Müziği sevdiysem,müzik yapıyorsam
onlar sayesinde yapıyorum. Çocukken anneme kasetin içindeki teyze ve amcaları
görmek istediğimi söyleyerek bütün bantları kasetin içinden açardım. Annemde
sadece seslerinin içine konulduğunu bana açıklamaya çalışırdı. Ben ise haliyle,
sesleri bunun içindeyse dışarıda nasıl konuşabildiklerini anlamaya çalışırdım. Trt
Radyosunun temsillerini dinleyerek büyüdüm. Yurttan sesler korosunu duyunca
ağlaması kesilen bir bebektim. Plak çalarımızdan çıkan o hışırtılı melodiler
ile yağmurun sesinin karışmasıyla hiç huysuzlanmazdım annemin üsküdar’daki
evimizin cam kenarında yedirdiği öğle yemeklerinde… Ne zaman yerdeki açılmış
tezgahta hurdaların arasında bir kaset görsem içimi bir sıkıntı kaplar. Sonra toparlanır,kayıp
bir arkadaşımı bulmuş gibi onu sahiplenirim. Onu alırım.
Onlar benim en kıymetlilerim. Onlar
benim sandığımda gözümden sakınarak sakladığım hazinelerim. Öğretmenlerim.

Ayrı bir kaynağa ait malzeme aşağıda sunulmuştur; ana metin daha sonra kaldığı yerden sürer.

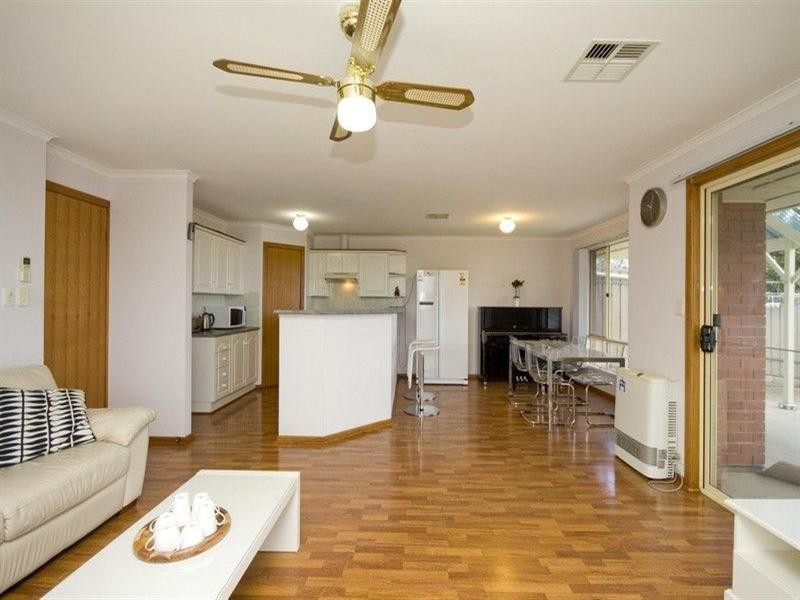 41 Enginehouse Drive, Sheidow Park SA 5158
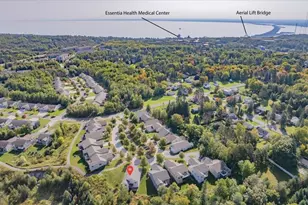 205 Bluffs Ridge Ct, Duluth, MN 55811 - Photo 37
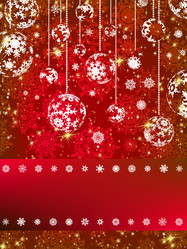 Similar image 1666751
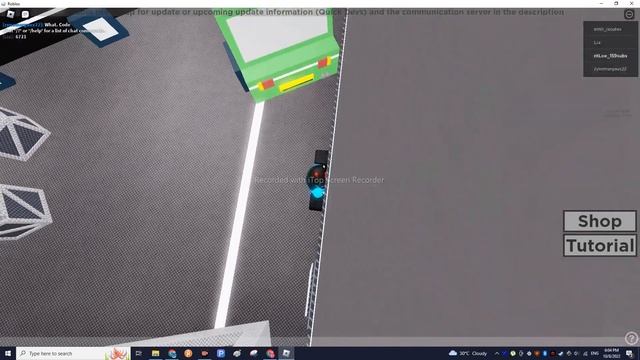 Find the codes speedrun (Any%) 3:13.56 | Roblox смотреть онлайн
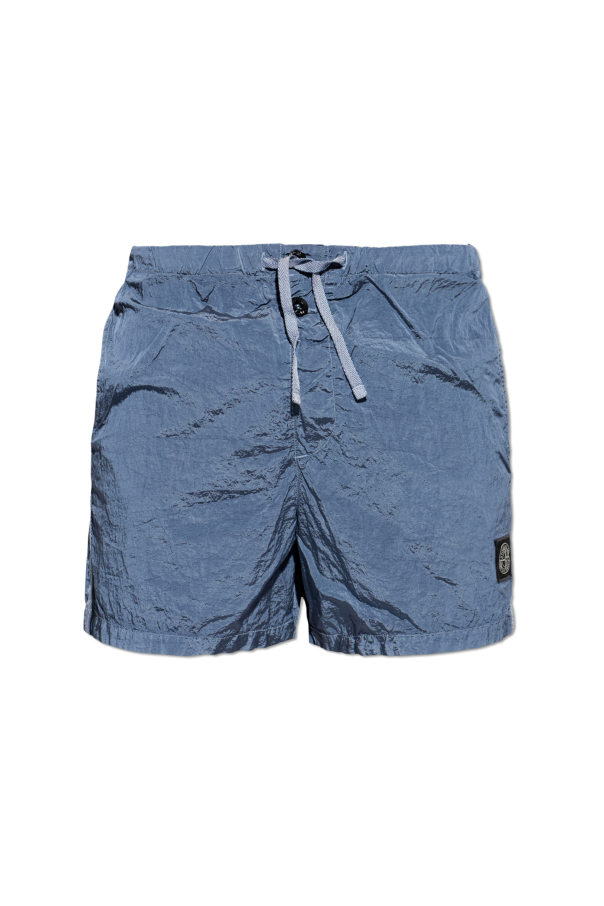 Stone Island Szorty kąpielowe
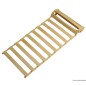 
Sommier élastique p. lits/couchettes 
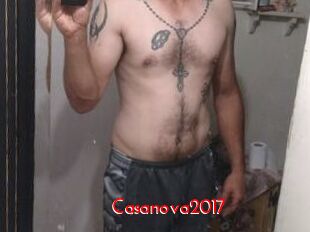 Casanova2017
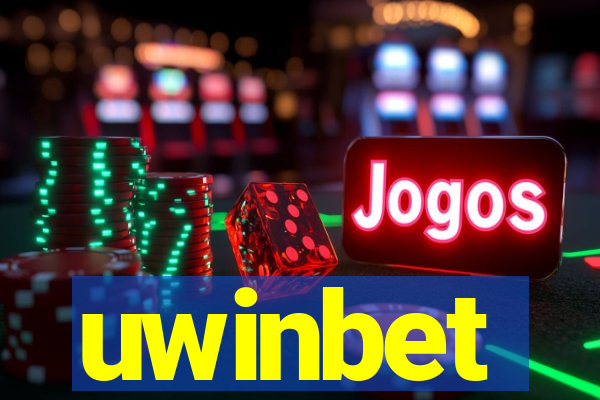 uwinbet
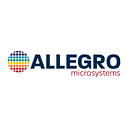 Allegro MicroSystems, Inc.
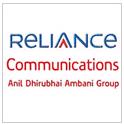 Reliance Communications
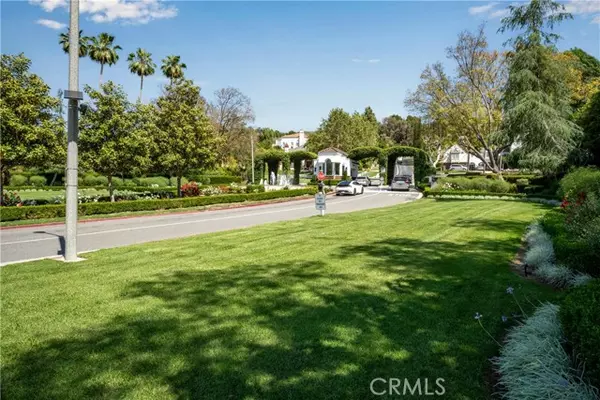 Diamond Bar, CA 91765,2887 Shadow Canyon Road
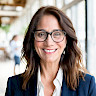 Shahnaz Broucek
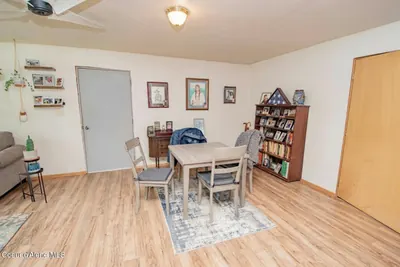 Property 26-4971 - Photo 10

Sahnede,stüdyoda,en ihtiyacım olduğu anda hiç üşenmeden kalbimden kalkıp gelen
vazgeçilmezlerim. Bana, nice sevdalarla,acılarla,engellerle yaratıp taşıdıkları
müziklerini itimatla emanet eden büyüklerim. Aç kalarak, sevdikleri tarafından
terk edilerek, çıkış yolları arayarak, tırnaklarıyla kazıdıkları hayatlarında müzik
yapmış ve müzik yapmaya çalışan kahramanlarım. Çocukluk arkadaşlarım. Mesela
‘’Benim balonlarım vardı’’ diyerek bana seslenen gözlüklü bir amcanın
şarkısıyla uzun saçlı bir abinin bir eşek ile olan arkadaşlık şarkısı hala
kasetlerimde benimle yaşar. Otuzdokuz yıldır benimle. Ve biliyor musunuz; hiç
biriyle bir kere bile küslüğümüz olmadı birbirimize. Biz şarkılarla sohbet
ederdik. Hep güzel şeyler söylediler bana, hep güzel şeyler öğrettiler. Nasıl
yaşanılacağını, nasıl konuşulacağını, nasıl aşık olunacağını… Ben de onlara söz
vermiştim. ‘’Siz beni bıraksanız bile ben sizi hiçbir zaman bırakmayacağım.’’diye.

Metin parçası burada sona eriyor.